(Exercise prompt): Write the data out again exactly, with no pictures.

(Data provided):

········

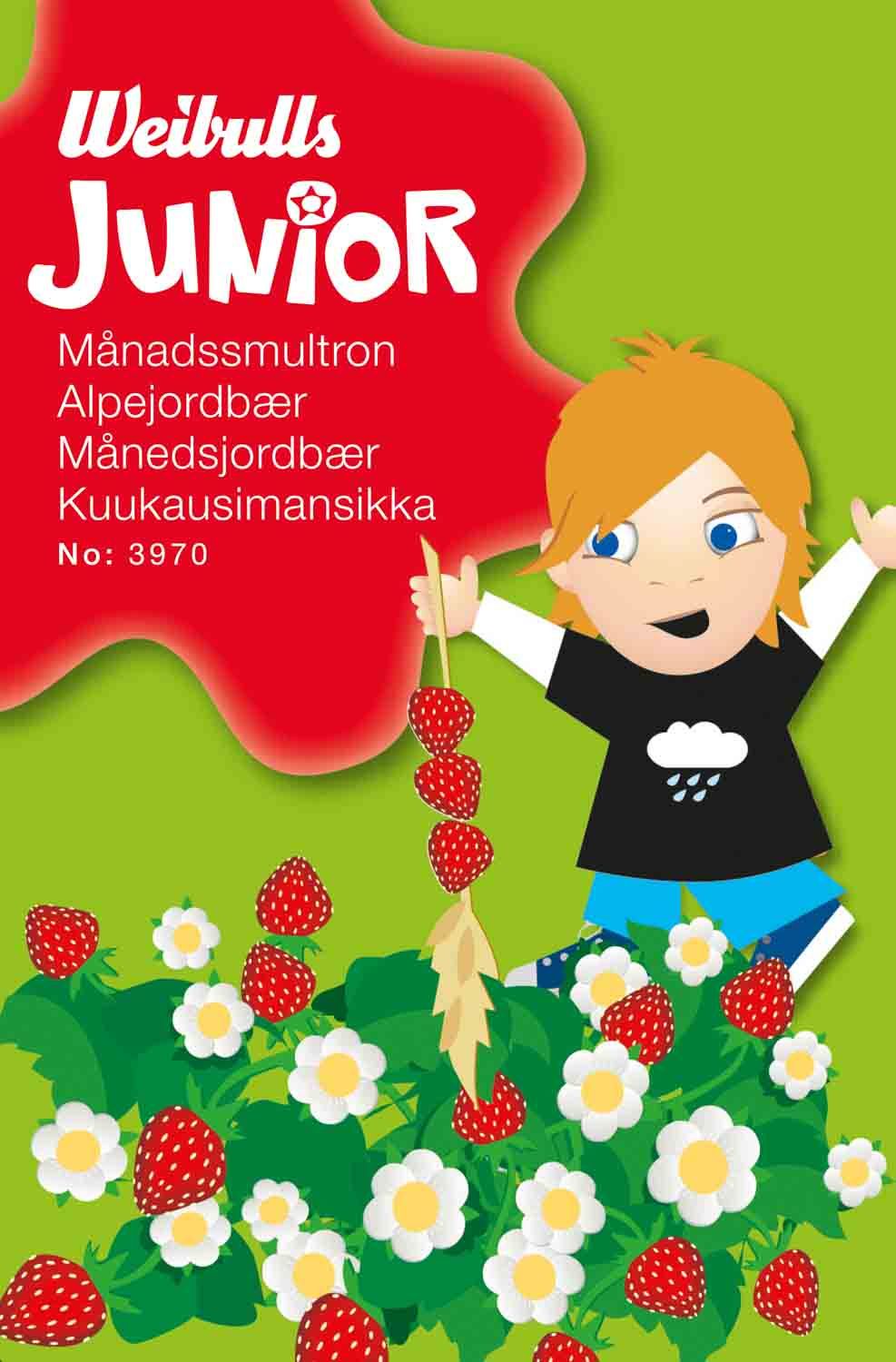 Junior månadssmultron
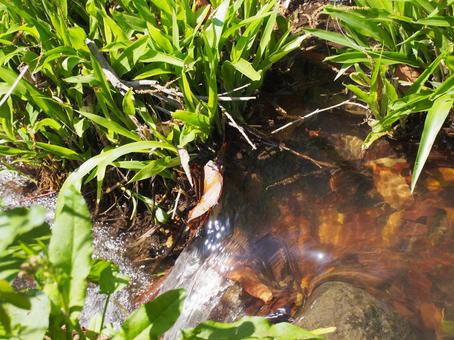 水 水の写真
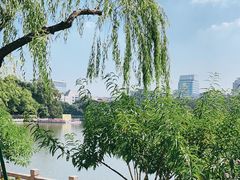 -西湖公园(鼓楼区)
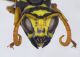 Polistes_atrimandibularis2.FEI.jpg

········

(Solution to this task):
 Junior månadssmultron
 水 水の写真
 -西湖公园(鼓楼区)
 Polistes_atrimandibularis2.FEI.jpg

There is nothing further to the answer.